Enzo 2.4 documentation

Debugging Enzo with GDB

While it is relatively straightforward to debug enzo in parallel with a commercial parallel debugger like Totalview or DDT, it is not quite as straightforward to debug enzo with a free, open source serial debugger like GDB. This method works well if you do not have access to a supercomputer or cluster with a commercial parallel debugger installed, if you would like to run and debug enzo on a small workstation, or if you prefer to use free and open source software in your programming life.

There are two general approaches for parallel debugging of Enzo within GDB, running multiple GDB processes that each run Enzo, or attaching GDB to an existing Enzo process.

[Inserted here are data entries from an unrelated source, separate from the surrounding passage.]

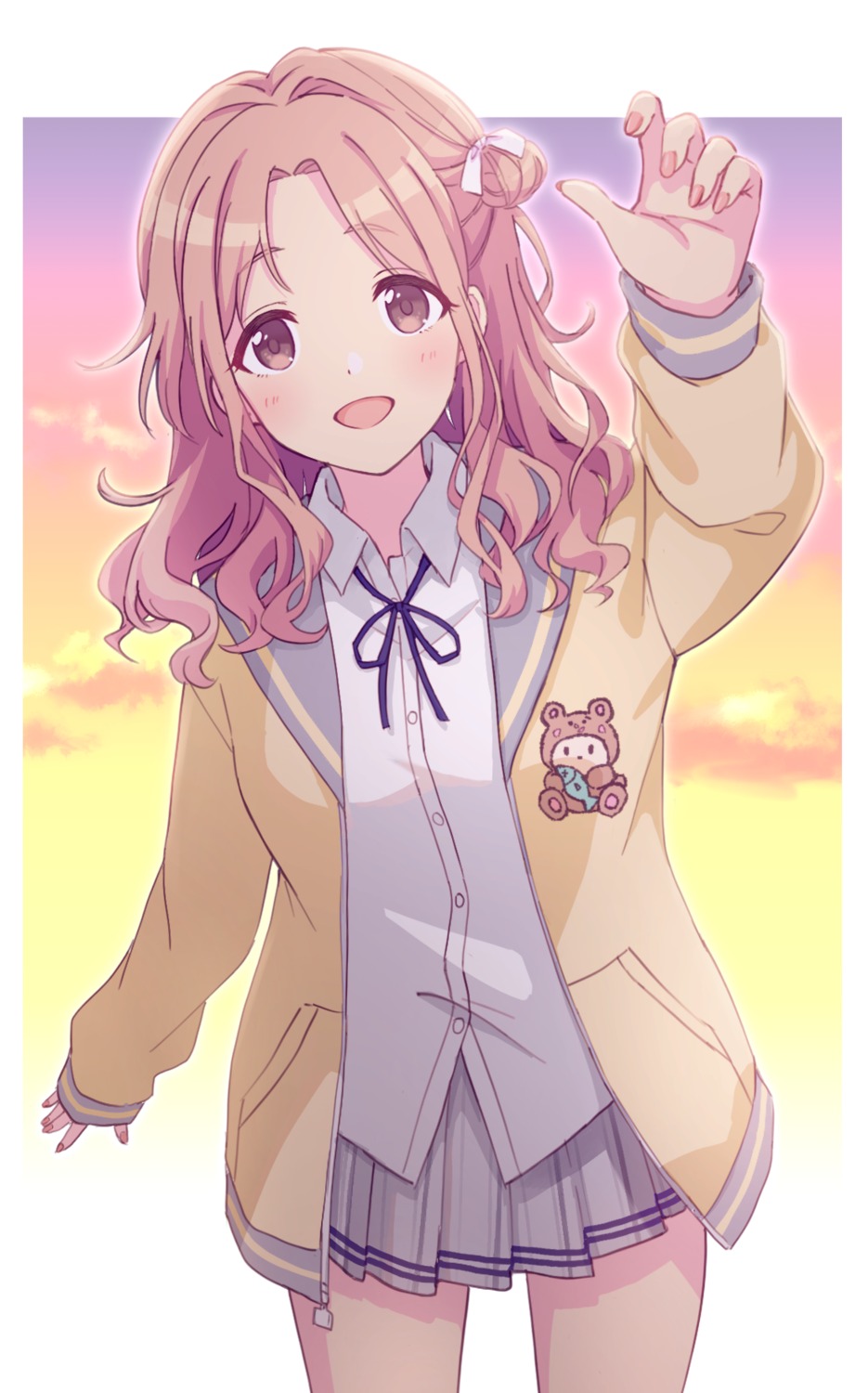 23nanato, ichikawa_nana, seifuku, the_idolm@ster, the_idolm@ster_shiny_colors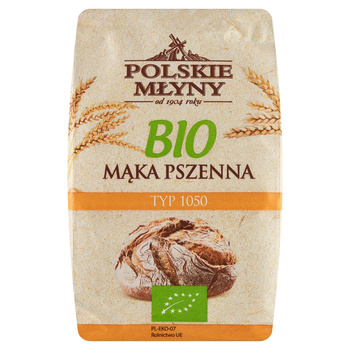 Polskie Młyny BIO Mąka pszenna typ 1050 1kg
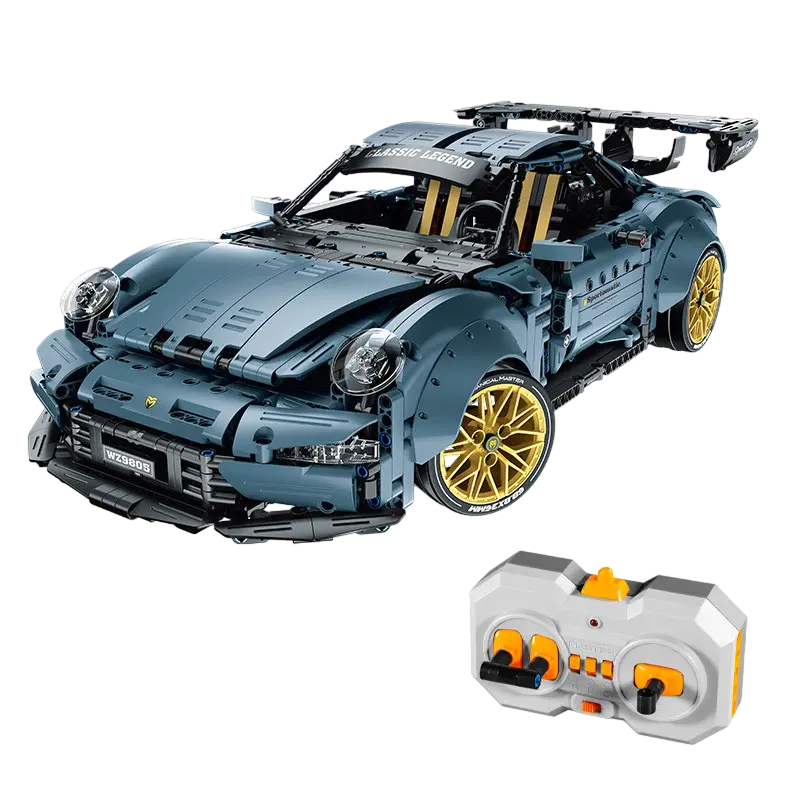 Конструктор iM.Master Racing Car Синий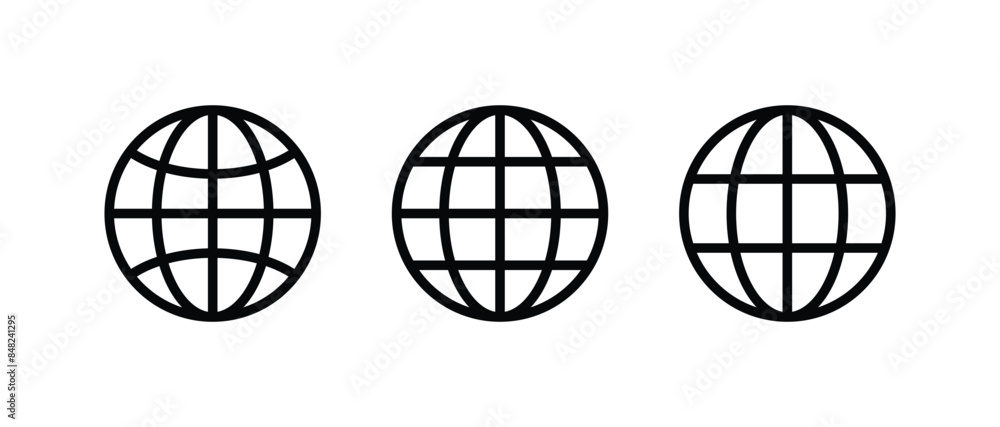 vector web icon. website icon or Globe icon set vector illustration.
vector web icon. website icon or Globe icon set vector illustration.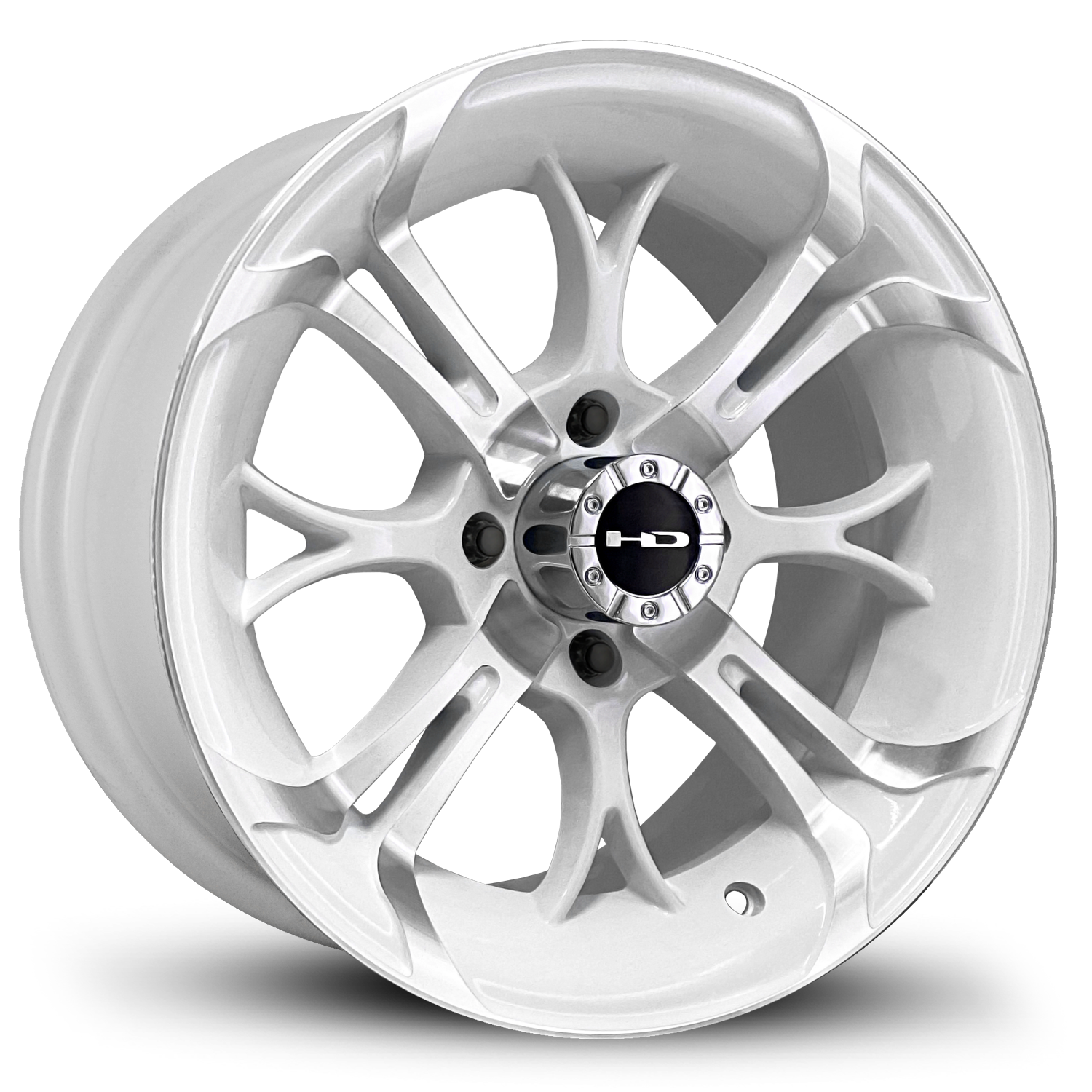 Buy Replacement Center Caps for the HD Golf Wheels Spinout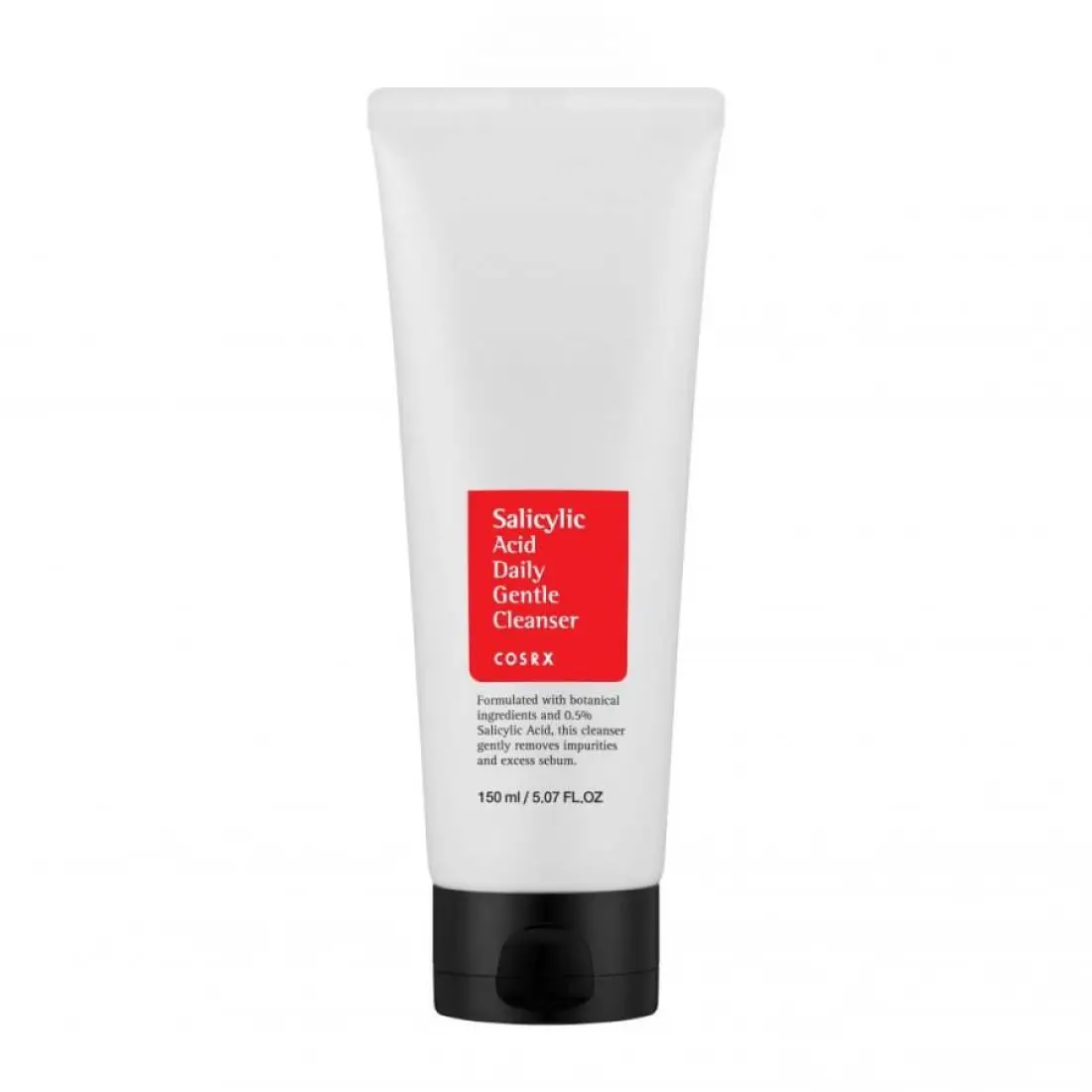 Пенка для проблемной кожи с салициловой кислотой Cosrx Salicylic Acid Daily Gently Cleanser, 150 мл Пенка для проблемной кожи с салициловой кислотой Cosrx Salicylic Acid Daily Gently Cleanser, 150 мл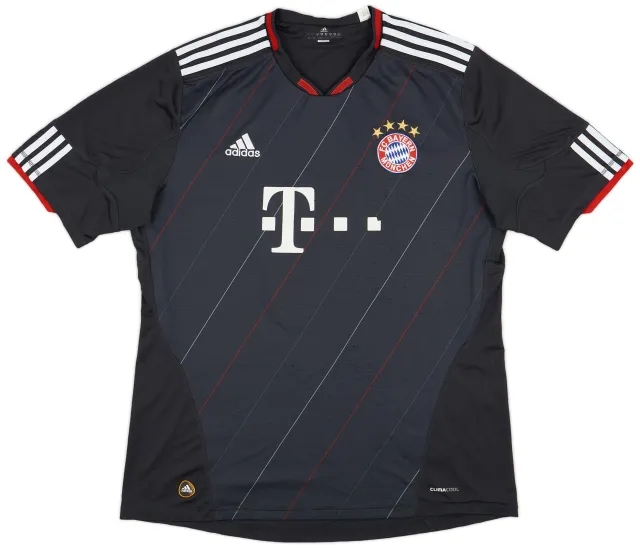 adidas 2010-11 Bayern Munich Third Shirt - 5/10 - (XL)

I. Running multiple GDB processes that each run Enzo

This option works best when running on a single workstation, or on a cluster to which you have direct access. The method works best when running with only a few processors (as will be seen below).

First, build Enzo with debugging symbols enabled and with compiler optimizations turned off. This can be accomplished on most systems by setting make opt-debug at the command line (see The Enzo Makefile System).

Second, launch a number of xterms using mpirun or mpiexec that each internally launch GDB on the Enzo executable:

18:16:32 [dreynolds@zeno ~]$  mpirun -np 4 xterm -e gdb ./enzo.exe

This will launch 4 xterms, each of which is running a separate gdb process, that in turn is set to run Enzo.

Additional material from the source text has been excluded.